$300 DIY Robot Vacuum Proves Vision-Only Navigation Is Hard

Bruce Kim and Indraneel Patil wanted a robot vacuum. Instead of buying one, they built their own for about $300 using off-the-shelf parts. The robot uses a simple camera and a CNN trained with behavior cloning to decide where to move. No LiDAR, no fancy sensors, just vision. To keep costs down, there's no onboard compute. The robot streams video to a laptop, which runs agents and sends commands back.

The steering model struggles. The robot reverses when it shouldn't, oscillates in open spaces like the kitchen, and gets stuck in corners. Kim and Patil tried data augmentation and ImageNet pre-training to fix the high validation loss. Neither worked. Overfitting wasn't the culprit. The dataset itself lacks the signal needed for the network to learn proper movement. Hacker News commenters noted the validation curve suggests memorization, not actual learning.

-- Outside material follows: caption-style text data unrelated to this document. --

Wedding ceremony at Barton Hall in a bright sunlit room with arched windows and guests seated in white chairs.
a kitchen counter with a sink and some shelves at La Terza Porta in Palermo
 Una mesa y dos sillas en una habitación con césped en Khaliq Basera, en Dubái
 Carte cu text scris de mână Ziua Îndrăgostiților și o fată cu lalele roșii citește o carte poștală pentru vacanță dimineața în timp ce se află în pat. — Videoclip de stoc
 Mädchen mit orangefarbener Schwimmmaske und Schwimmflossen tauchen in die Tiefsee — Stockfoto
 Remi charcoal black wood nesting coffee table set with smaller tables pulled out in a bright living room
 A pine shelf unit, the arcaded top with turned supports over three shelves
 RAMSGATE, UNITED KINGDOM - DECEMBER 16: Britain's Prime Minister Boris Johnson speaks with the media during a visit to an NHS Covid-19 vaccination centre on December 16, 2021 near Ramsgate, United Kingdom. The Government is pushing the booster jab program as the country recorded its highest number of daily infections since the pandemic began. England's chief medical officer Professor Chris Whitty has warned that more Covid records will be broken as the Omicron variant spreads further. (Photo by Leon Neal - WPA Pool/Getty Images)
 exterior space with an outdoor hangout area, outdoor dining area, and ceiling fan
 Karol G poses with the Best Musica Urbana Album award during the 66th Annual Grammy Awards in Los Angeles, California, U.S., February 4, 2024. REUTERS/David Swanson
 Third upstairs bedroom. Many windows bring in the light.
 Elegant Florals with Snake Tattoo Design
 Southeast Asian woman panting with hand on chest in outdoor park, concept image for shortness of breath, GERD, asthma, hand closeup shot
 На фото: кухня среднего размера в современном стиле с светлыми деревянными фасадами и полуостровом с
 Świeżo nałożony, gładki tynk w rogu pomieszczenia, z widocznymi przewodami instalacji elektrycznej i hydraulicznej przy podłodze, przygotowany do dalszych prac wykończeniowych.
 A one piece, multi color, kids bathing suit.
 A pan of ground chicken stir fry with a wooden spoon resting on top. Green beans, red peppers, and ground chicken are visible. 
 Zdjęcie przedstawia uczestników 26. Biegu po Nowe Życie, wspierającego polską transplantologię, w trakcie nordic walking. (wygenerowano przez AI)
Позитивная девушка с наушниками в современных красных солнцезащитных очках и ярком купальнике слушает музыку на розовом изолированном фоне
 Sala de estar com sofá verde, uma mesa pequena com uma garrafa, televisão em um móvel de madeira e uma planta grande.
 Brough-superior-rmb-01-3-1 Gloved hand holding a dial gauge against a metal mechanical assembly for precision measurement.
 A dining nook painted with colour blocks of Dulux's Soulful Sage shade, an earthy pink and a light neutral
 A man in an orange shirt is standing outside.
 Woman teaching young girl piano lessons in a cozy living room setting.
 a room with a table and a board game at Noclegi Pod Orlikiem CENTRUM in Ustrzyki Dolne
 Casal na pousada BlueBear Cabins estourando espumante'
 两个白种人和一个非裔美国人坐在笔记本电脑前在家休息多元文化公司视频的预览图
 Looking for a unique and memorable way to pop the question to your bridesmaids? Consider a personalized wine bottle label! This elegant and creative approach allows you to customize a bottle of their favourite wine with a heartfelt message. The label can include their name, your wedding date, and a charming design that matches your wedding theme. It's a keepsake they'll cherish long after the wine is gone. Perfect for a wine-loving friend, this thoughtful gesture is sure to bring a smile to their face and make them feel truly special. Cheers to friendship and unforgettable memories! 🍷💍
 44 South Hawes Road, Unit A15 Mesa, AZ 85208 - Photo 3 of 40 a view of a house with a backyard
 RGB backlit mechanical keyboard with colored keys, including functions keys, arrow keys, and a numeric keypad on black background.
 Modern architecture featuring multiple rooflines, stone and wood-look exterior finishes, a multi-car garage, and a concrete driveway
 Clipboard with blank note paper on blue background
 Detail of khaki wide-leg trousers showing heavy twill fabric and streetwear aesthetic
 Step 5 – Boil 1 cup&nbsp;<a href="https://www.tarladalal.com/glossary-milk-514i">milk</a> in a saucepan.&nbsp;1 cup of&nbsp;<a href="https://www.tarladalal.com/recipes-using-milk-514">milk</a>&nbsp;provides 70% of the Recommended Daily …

The hardware works. The software doesn't quite. There's no autonomous charging, the vacuum suction is weak, and the robot needs supervision because it gets stuck. Commercial robots from iRobot and Roborock solve these problems with vSLAM and dedicated neural processing units that run depth estimation locally on chips like Intel's Movidius VPU. Commenters suggested Apple's Depth Pro model could help with depth perception, or using VLMs to bootstrap better training data. For a three-month part-time project that hit its budget target, it's an honest attempt at something genuinely hard.